When I try to print the csv data in tlogfile, it print all the characters as required.
But while loading into db2, with UTF-8 as encoding in advanced settings in tFileinputDelimited component , all characters are fine now except ô.
bientôt is being printed as bientt now.
Please let me know what screenshots are needed from my side
Since you are able to print the data correctly, Talend is able to read and transmit UNICODE in right manner.

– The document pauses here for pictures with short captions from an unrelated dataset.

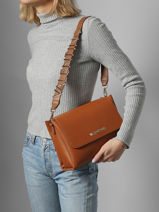 Crossbody Bag Alexia Valentino Brown alexia VBS5A803-vue-porte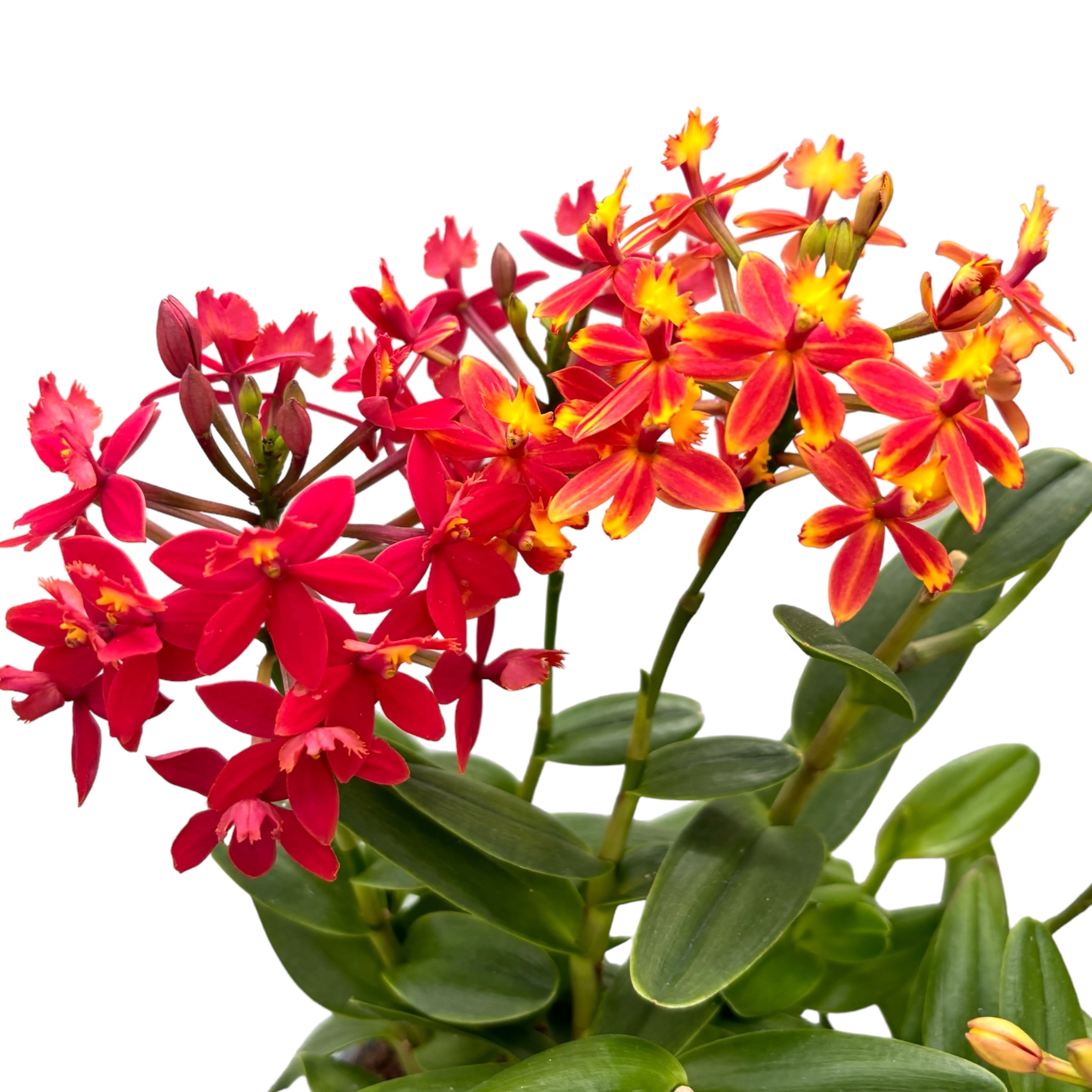 Epidendrum radicans - unikt exemplar (2 färger)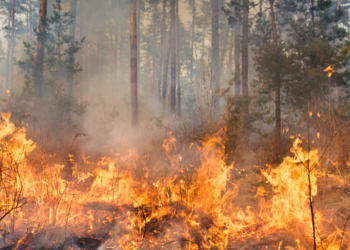  Incêndio florestal na Andaluzia deixa ao menos 11 mortos, 19 desaparecidos e se torna o mais letal da Espanha em mais de 20 anos. Equipes seguem combatendo as chamas.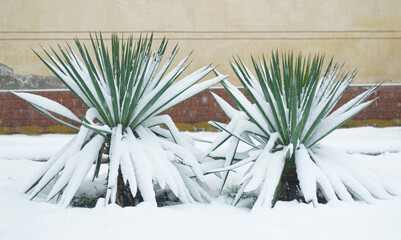 Snow-covered Yucca gloriosa flower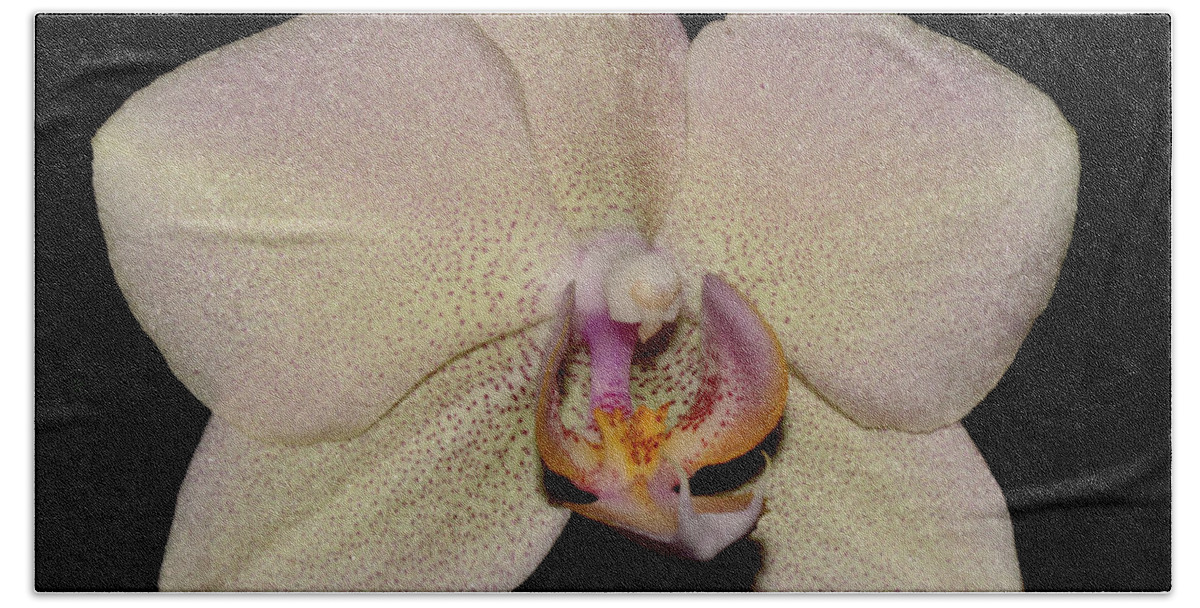 Nature Bath Towel featuring the photograph Orchid 2016 2 by Robert Morin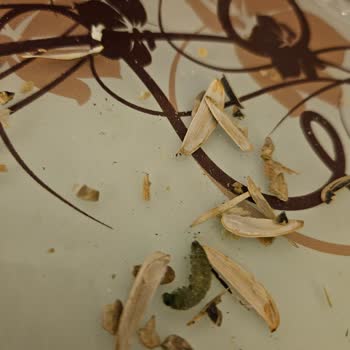 Aldığım Çekirdek Paketinden Canlı Kurt Çıkması Nedeniyle Gıda Güvenliğine Dair Endişe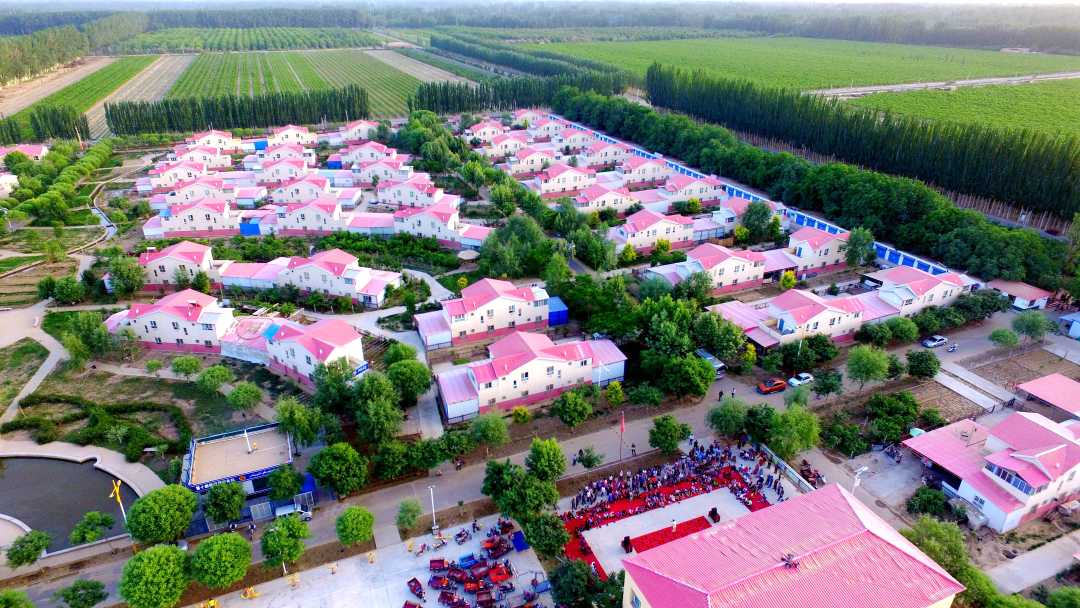 生产建设兵团开创维稳戍边新局面|棉花_新浪财经_新浪网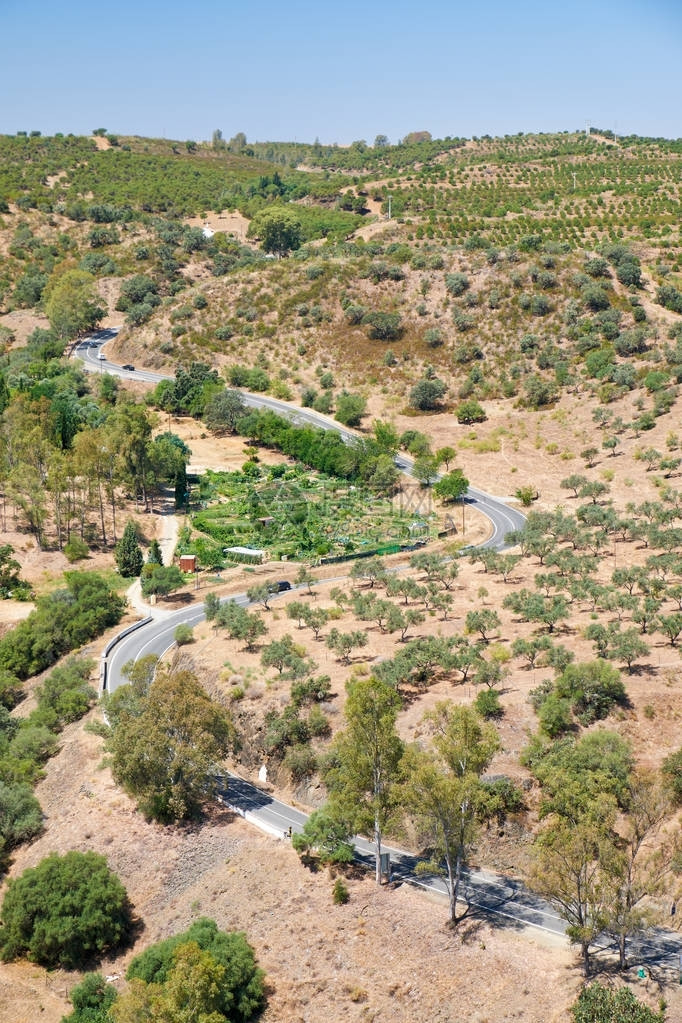 葡萄牙BaixoAlentejo市Mertola市附近山丘上的橄榄果园之间绕图片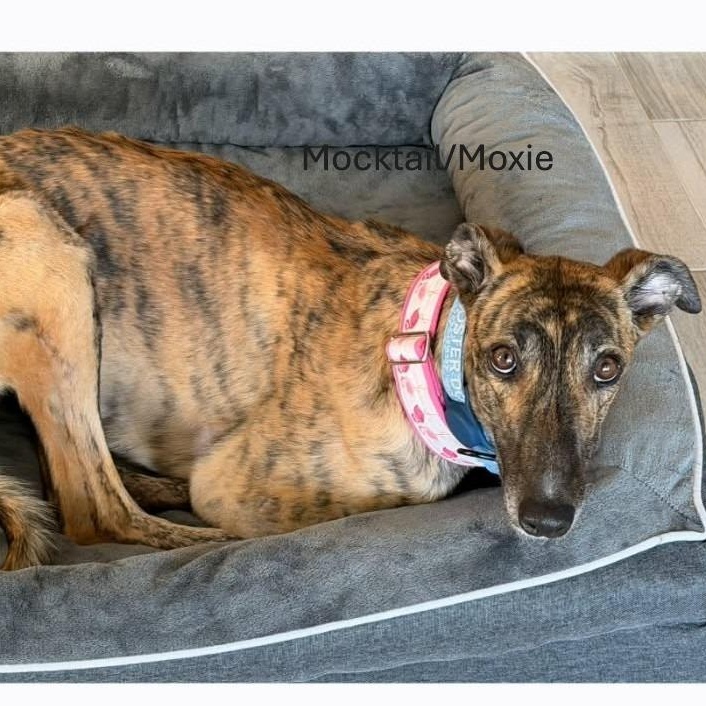 Mocktail (Moxie), ADOPTABLE, Adult Female Greyhound.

But when Talend is trying to insert the data to DB2, the current setup in DB2 database seems to not allowing to insert the characters in right format.
Could you please refer this issue to your DB2 DBAs and they will help into the internationalization part for the database and tables?
I have added the IBM Guide for the same as a starting point.
https://www.ibm.com/support/knowledgecenter/SSEPEK/pdf/db2z_10_charbook.pdf
Warm Regards,
Nikhil Thampi
Please appreciate our Talend community members by giving Kudos for sharing their time for your query. If your query is answered, please mark the topic as resolved 🙂
Hi,
I believe VARGRAPHIC will be the right target datatype but please consult your DB2 DBAs for details.
https://www.ibm.com/support/knowledgecenter/en/SSEPEK_10.0.0/sqlref/src/tpc/db2z_bif_vargraphic.html
Warm Regards,
Nikhil Thampi
Please appreciate our Talend community members by giving Kudos for sharing their time for your query. If your query is answered, please mark the topic as resolved 🙂
Thanks @nthampi for those suggestion and your quick response.
Hi @nthampi,
Im now trying to load the data into vargraphic columns in db2 just to see if it would work but couldn't figure out how to cast the string columns in csv to vargraphic or graphic to be able to load into db2.
Can you please provide me a solution for this?
Thanks !!
Hi,
Could you please try to change the database data type as below in the tDB2Output Schema? I could not verify it personally as I do not have a DB2 database handy with me.
Warm Regards,
Nikhil Thampi
Please appreciate our Talend community members by giving Kudos for sharing their time for your query. If your query is answered, please mark the topic as resolved 🙂
Hi @nthampi,
Thanks for getting back.
I solved it by loading it as string but by increasing the bytes I had alloted for each column. Don't understand how it solved my problem but it did.